◆ Data shown ◆
# # # # #

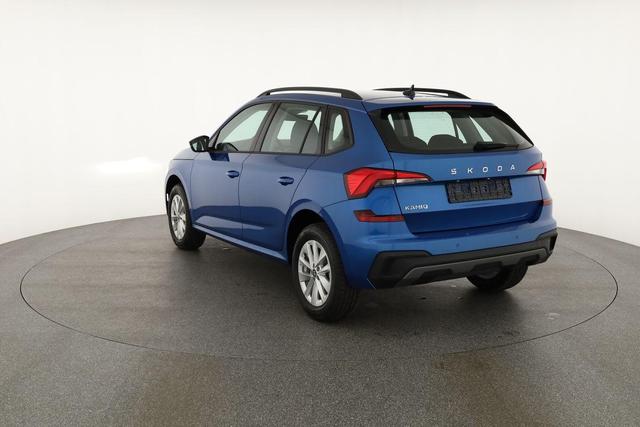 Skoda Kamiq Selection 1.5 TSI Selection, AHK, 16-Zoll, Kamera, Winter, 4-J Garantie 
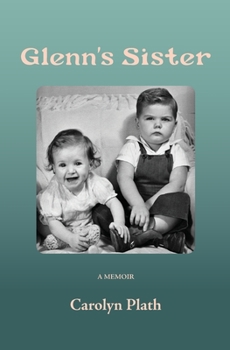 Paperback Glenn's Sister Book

# # # # #

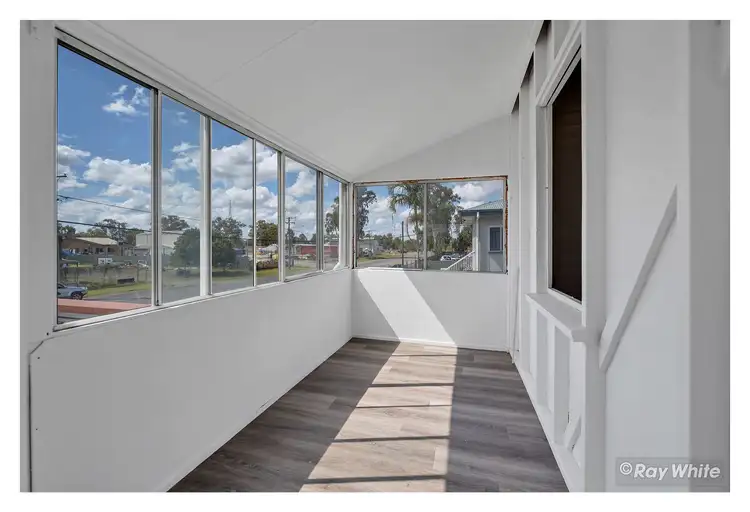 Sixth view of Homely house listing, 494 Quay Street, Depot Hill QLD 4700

# # # # #

◆ Your assignment ◆
In the entries above, find the line containing "Skoda Kamiq Selection" and the line containing "Paperback Glenn's Sister Book"; give again exactly those two lines and every line between them, minus the pictures.

◆ Task answer ◆
 Skoda Kamiq Selection 1.5 TSI Selection, AHK, 16-Zoll, Kamera, Winter, 4-J Garantie 
 Paperback Glenn's Sister Book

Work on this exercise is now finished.